### Records provided
=== Begin Enclosure ===
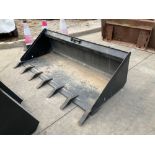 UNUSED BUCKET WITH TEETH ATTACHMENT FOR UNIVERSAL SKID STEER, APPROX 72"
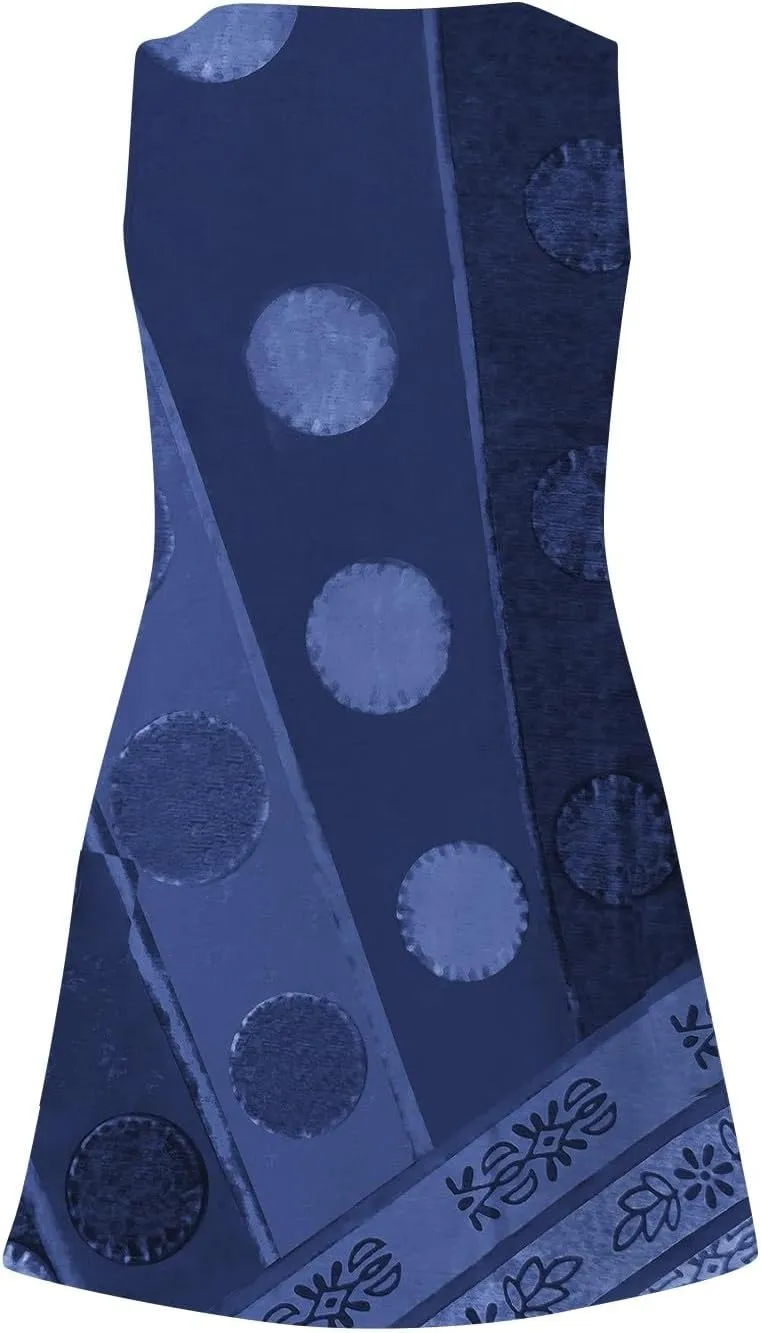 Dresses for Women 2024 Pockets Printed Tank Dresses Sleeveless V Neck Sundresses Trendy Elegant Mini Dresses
=== End Enclosure ===
=== Begin Enclosure ===
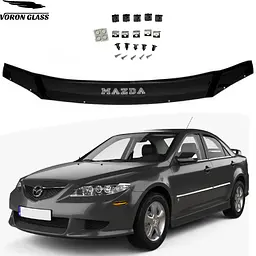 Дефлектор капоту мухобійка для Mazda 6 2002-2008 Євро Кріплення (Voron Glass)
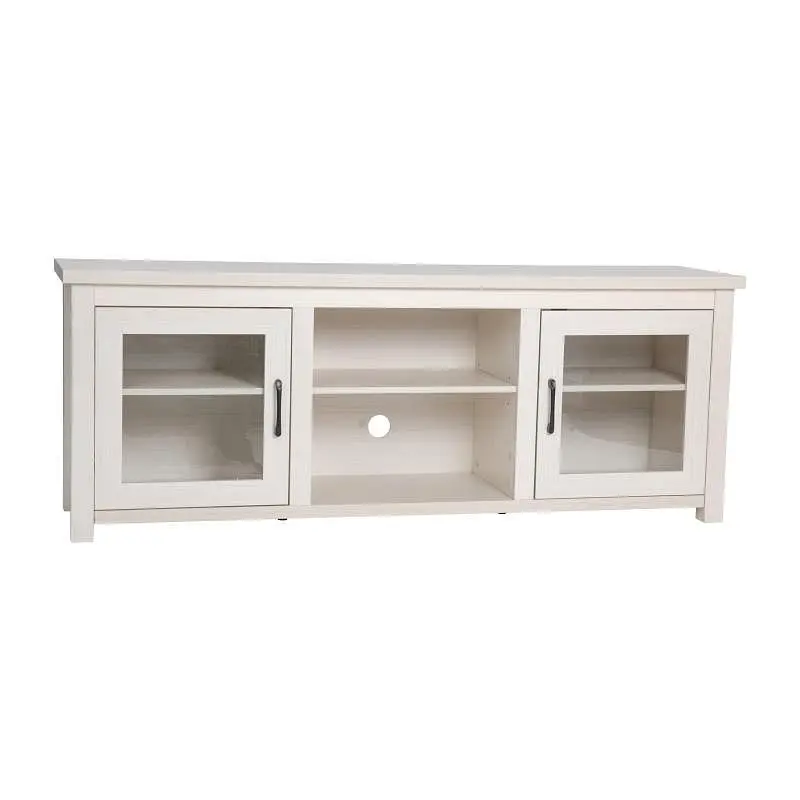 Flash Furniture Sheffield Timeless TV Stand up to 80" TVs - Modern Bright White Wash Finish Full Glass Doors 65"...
=== End Enclosure ===
### Work task
How would the lines above read from the one with "UNUSED BUCKET WITH" to the one with "Dresses for Women", inclusive, with no pictures? Write them out exactly.

### Answer box
 UNUSED BUCKET WITH TEETH ATTACHMENT FOR UNIVERSAL SKID STEER, APPROX 72"
 Dresses for Women 2024 Pockets Printed Tank Dresses Sleeveless V Neck Sundresses Trendy Elegant Mini Dresses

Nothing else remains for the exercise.